Using the listing below, give again exactly the lines from the line with "Zoltán • Mono" to the line with "numbuzin No.2 Deep", inclusive, without the pictures.

◆ Records for this task

#####

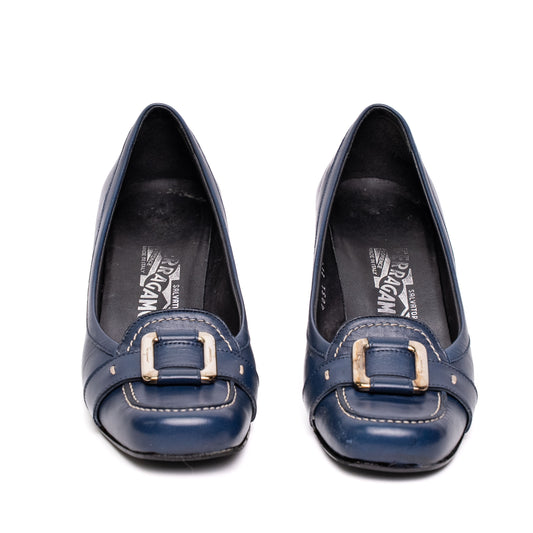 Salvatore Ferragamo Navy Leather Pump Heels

#####

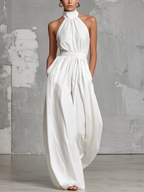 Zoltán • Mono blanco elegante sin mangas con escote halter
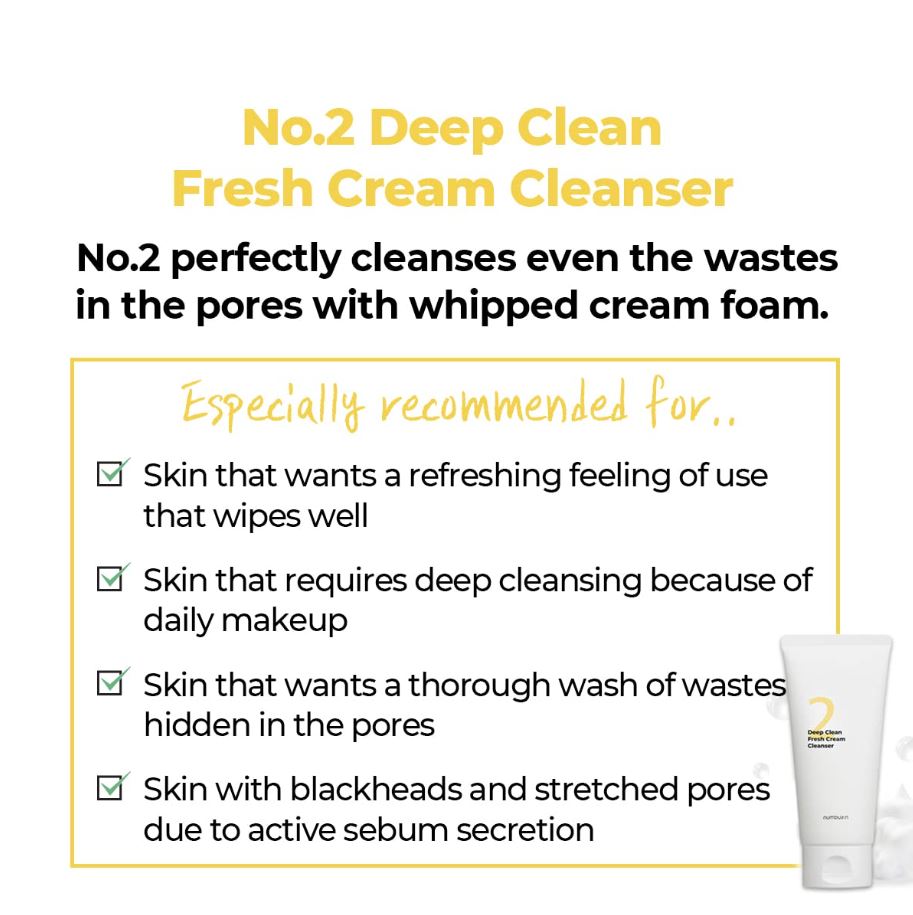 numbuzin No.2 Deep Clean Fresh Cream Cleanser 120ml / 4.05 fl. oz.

#####

◆ Expected answer
 Zoltán • Mono blanco elegante sin mangas con escote halter
 numbuzin No.2 Deep Clean Fresh Cream Cleanser 120ml / 4.05 fl. oz.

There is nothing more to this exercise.